CLEVELAND – In another of a growing number of disputes over participation lending, NCUA filed suit in federal court here yesterday contesting ownership of a $11 million participated loan that belonged to the year’s biggest credit union failure, St. Paul’s Croatian FCU, a one-time $250 million credit union shuttered in May.

Another Ohio credit union, LorMet Community FCU, which bought a 90% participation in the loan, claims it now owns the whole loan because of a clause in the participation agreement that gives it right to the whole loan if the seller becomes insolvent or is taken over by the regulator and the new owner fails to cure the loan within 30 days.

NCUA claims that the U.S. Code of Federal Regulations gives the agency as liquidator of St. Paul’s Croatian, to disallow claims such as LorMet Community’s.

Several other legal disputes have broken out recently over loan participations, including one last month over participations bought from failed Eastern Financial Florida CU, and recent fights over speculative real estate loans sold by Norlarco CU, participations sold by failed Cal State 9 CU, and shares in subprime auto loans sold by Centrix Financial.

Several federal courts have demurred to NCUA in recent cases in which the federal regulator is disputing authority over the carcasses of failed credit unions.
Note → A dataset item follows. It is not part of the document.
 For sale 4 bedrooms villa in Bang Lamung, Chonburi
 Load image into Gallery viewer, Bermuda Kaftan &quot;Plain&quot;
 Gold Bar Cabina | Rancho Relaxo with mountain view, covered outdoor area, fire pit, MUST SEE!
The failure of St. Paul’s Croatian FCU was a strange one, with NCUA taking over the 67-year-old Croatian immigrant credit union May 1, then liquidating it less than a week later. NCUA would only say the move came amid record keeping shortfalls and a rapid deterioration of the credit union's financial condition, even though the credit union's financial show a solid $5.4-million net for 2009 and a $1.4-million net for the first quarter of 2010 and 13% net worth.